I saw many examples: ones put db connection in service methods. Others - use smth like HibernateUtil (Singleton) that returns HibernateSessionFactory.

I don't know is it safe to use HibernateUtil in multithreaded Servlets ?

+5  A: 

Usually, you should use an MVC framework in favor of Servlets directly, but that's not your question, and I'm going to assume you have a good reason to be implementing your own Servlets. On to the answer...

Per this - https://www.hibernate.org/hib_docs/v3/api/org/hibernate/SessionFactory.html:

Implementors must be threadsafe.

and

SessionFactorys are immutable. The behaviour of a SessionFactory is controlled by properties supplied at configuration time. These properties are defined on Environment.

So it's OK to share an instance of SessionFactorys.

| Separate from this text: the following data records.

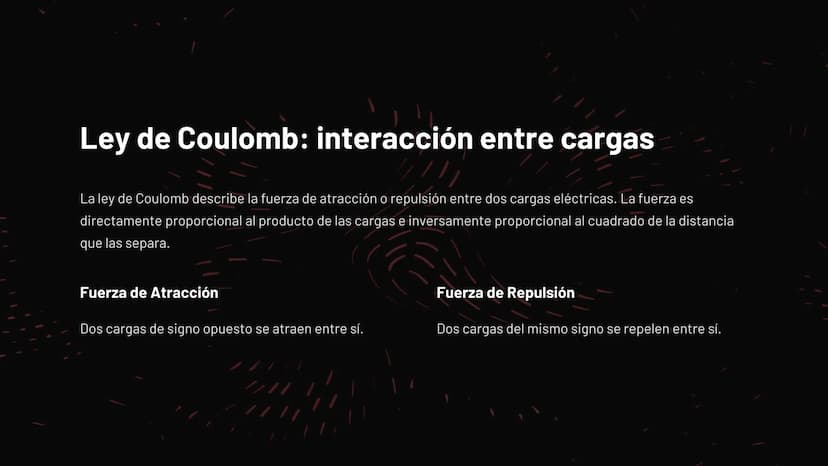 -q
la Electrostática
La electrostática es la rama de la física que estudia las
interacciones entre cargas eléctricas en reposo. La electrici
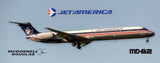 Jet America Airlines MD-82 Fridge Magnet (PMT1649)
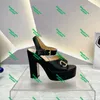 Fashion Designers Sandals women dress Shoes Buckle Patent leather 12.5CM high heeled Wedding Party Designer shoe womens heels factory footwear 35-42 platform Sandal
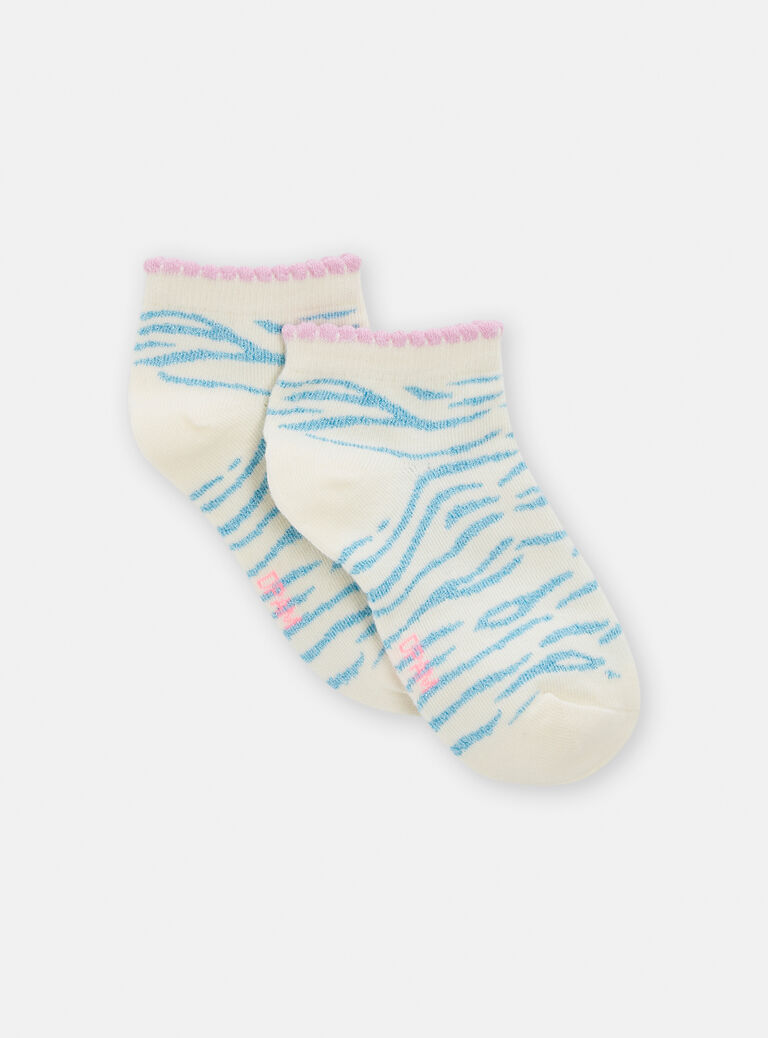 Chaussettes à rayures tigrées pour fille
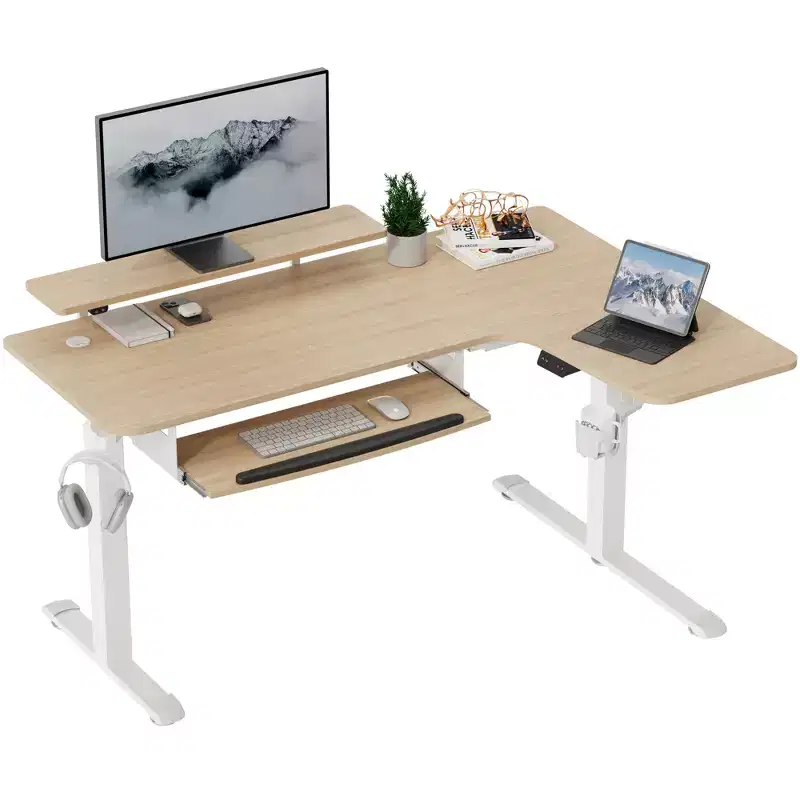 EUREKA ERGONOMIC 60x23 L Shaped Standing Desk with Accessories Set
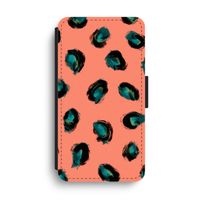 Pink Cheetah: iPhone XS Max Flip Hoesje - thumbnail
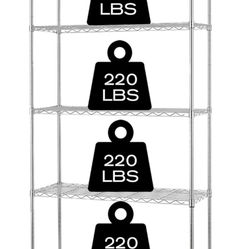 Heavy Duty, Five Tier Storage Shelf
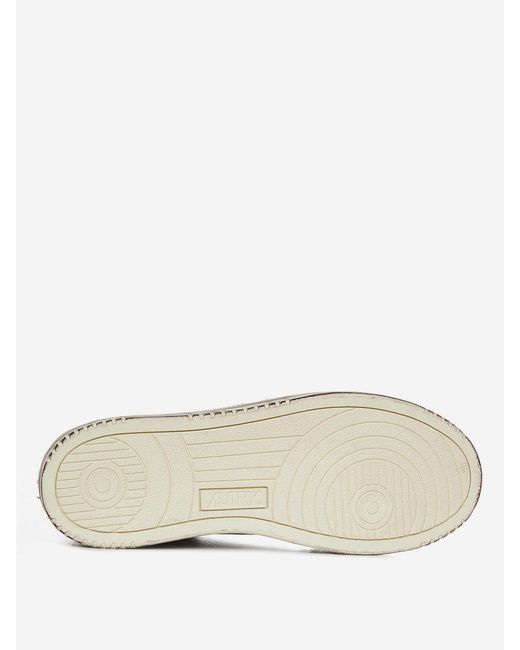 Autry White Leather Sneakers for men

In fact, from my experience, your HibernateUtil approach is the better approach, as SessionFactory creation can be very expensive.

Jack Leow
blackliteon
About MVC: I use GWT as frontend, so I dont need to use MVC
blackliteon
just because GWT is a front end doesn't mean you should eschew using MVC as a pattern on the server side. Servlets are really best served as a Controller. Your servlets really ought to be delegating data access to another set of classes of yours that use hibernate. Your servlets should be completely agnostic to the fact that hibernate even exists.
whaley
@blackliteon I'd recommend setting up data sources within your servlet container (say Tomcat), and accessing it via JNDI. You can find some examples here - http://tomcat.apache.org/tomcat-4.1-doc/jndi-datasource-examples-howto.html
Jack Leow
Also, I agree with whaley, your servlets (I assume these are GWT RPC servlets) should serve as "controllers". Your Hibernate stuff should be hidden behind DAOs, and ideally, you'd have a layer (sometimes called "managers" or "facades") between the two.
Jack Leow
@Javk Leow: Tomcat 5.5 DBCP documentation: http://tomcat.apache.org/tomcat-5.5-doc/jndi-datasource-examples-howto.html
blackliteon
+1  A: 

Use the Open Session in View pattern (see the filter implementation).